In the second phase of Visible Ops implementation, our goal is to Catch & Release and Find Fragile Artifacts. This phase focuses on creating and maintaining an accurate inventory of assets and highlighting those that generate the most unplanned work. The various configurations in use are also collected in order to start reducing the unique configuration counts, the focus of Phase Three. This is the shortest chapter in the book at 6 pages, though it may take significant time to complete the work efforts.
The Issues and Indicators lays out the issues being tackled, including moving from “individual knowledge” to “tribal knowledge” (a shared knowledgebase the entire organization can access, rather than in people’s heads) and preventing the “special snowflake” syndrome where every node in the network, even those in clusters or farms, are similar but still unique.
Catch & Release
The Catch & Release project is analogous to catching wild animals to tag or otherwise insert a tracking device before releasing them into the wild again. Just as naturalists have attributes and metrics they track, Visible Ops suggests what we should track: what is running on a node, what depends on those services, what services does this node depend on, who is the stakeholder and who is authorized to make changes, how fragile it is (how much unplanned work it generates), etc. A list of over 30 questions is provided.
Gathering answers to these questions is tedious and it is tempting to let juniors and neophytes collect the data. This is a bad idea as much of the data exists as individual knowledge in the head of the seniors and the longest tenured staff. If this documentation existed, we wouldn’t be performing this step! All collected information needs to be placed in a Configuration Management Database (CMDB), our one source of truth for the inventory. Appendix E provides a sample database schema.
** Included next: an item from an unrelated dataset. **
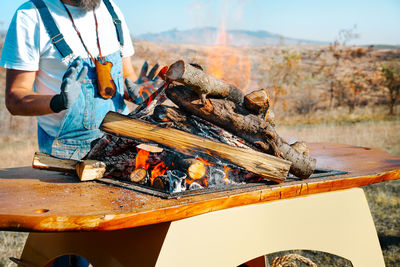 Man preparing food on barbecue grill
There are plenty of commercial products that can act as our CMDB.
Many of us will find we end up with multiple CMDBs due to legacy product decisions or permissions around who can access data. Ensure that each piece of data only has one source of truth. For example, we might have one database that the entire company uses to track IP address assignments and a separate database for asset inventory. If possible, have the asset inventory database poll the IP database, or a web frontend that pulls data from both DBs for easy presentation.
Find Fragile Artifacts
We did label a few systems as fragile in Phase One mostly based on gut feelings. Here we take a more in-depth look at the artifacts that have been inventoried. We determine fragile artifacts by their low Change Success Rate and high Mean Time To Repair (MTTR) – or, as the book puts it, we’ll recognize them by “knowing that if someone even looks at one wrong, it will crash and cause a massive upside of unplanned work.” We likely know where many of these fragile artifacts are already, and we can use the collected information to complete the list and sort it by change success rate and MTTR.
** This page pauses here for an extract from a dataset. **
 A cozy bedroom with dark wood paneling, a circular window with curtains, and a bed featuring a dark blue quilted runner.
With the list in hand, we mark the devices in question as fragile. Visible Ops suggests being bold. Attach a sign that says “Do Not Touch!” to the device physically. Update the login banner to say “Do Not Touch!” Notify the CAB not to permit normal changes and to weigh emergency changes against the cost (below). The only change suggested at this point is to implement our detective controls to ensure the guidelines are followed.
We can also put a price tag on changes, at least in rough terms, by taking the aggregate time of unplanned work generated on a system and dividing it by the number of changes in that time. This value can be provided to the CAB, who can then intelligently determine if a change on that system is worth the potential unplanned work. The book refers us to a story of a $239M weather satellite being tipped over when someone bumped into it because someone had taken the security bolts out of the stand but neglected to put a warning sign on it.
The idea behind labeling fragile artifacts is to positively reinforce such learning. Our team is documenting what does and does not work, replacing gut feelings with informed decision making and avoiding historical decisions that generated unplanned work for the team.
Prevent Further Configuration Mutation
The last section of the chapter deals with mutation of the systems once this phase has begun. It is advisable to have a change freeze while documenting existing builds. This means not just a freeze of systems already in production, but a freeze of introducing new systems, a subtle issue that is easy to miss. We accomplish this by ensuring that the Catch & Release and Find Fragile Artifacts steps, which can take a while, have definitive start and end dates. The CAB/EC meetings can capture any true emergency changes that must occur during the freeze. It is also vital to ensure that detective controls are in place before the freeze ends, as these tools ensure unauthorized changes are not performed and that future authorized change information can be captured as well. Unauthorized changes should, as always, be backed out.
This section also touches on another Configuration Management topic: configuration drift. Even with a firm and observed change policy in place, it is possible for system drift to occur. In addition to installing detective controls, use this opportunity to install and configure any CM tools that help prevent or revert such configuration drift. We’ll have more on using CM during Phase Three.
Summary
With Phase Three completed, we have a good inventory of our systems and have identified the fragile artifacts that cause unplanned work when you make changes. This information forms a service catalog, documenting the services in use and the infrastructure it runs on as a Configuration Item (CI) stored in our CMDB. Every CI is associated with one or more services and with zero or more CIs. Detective controls and configuration management tools ensure this information remains relevant. The prioritized list of fragile artifacts completed will then feed into Phase Three.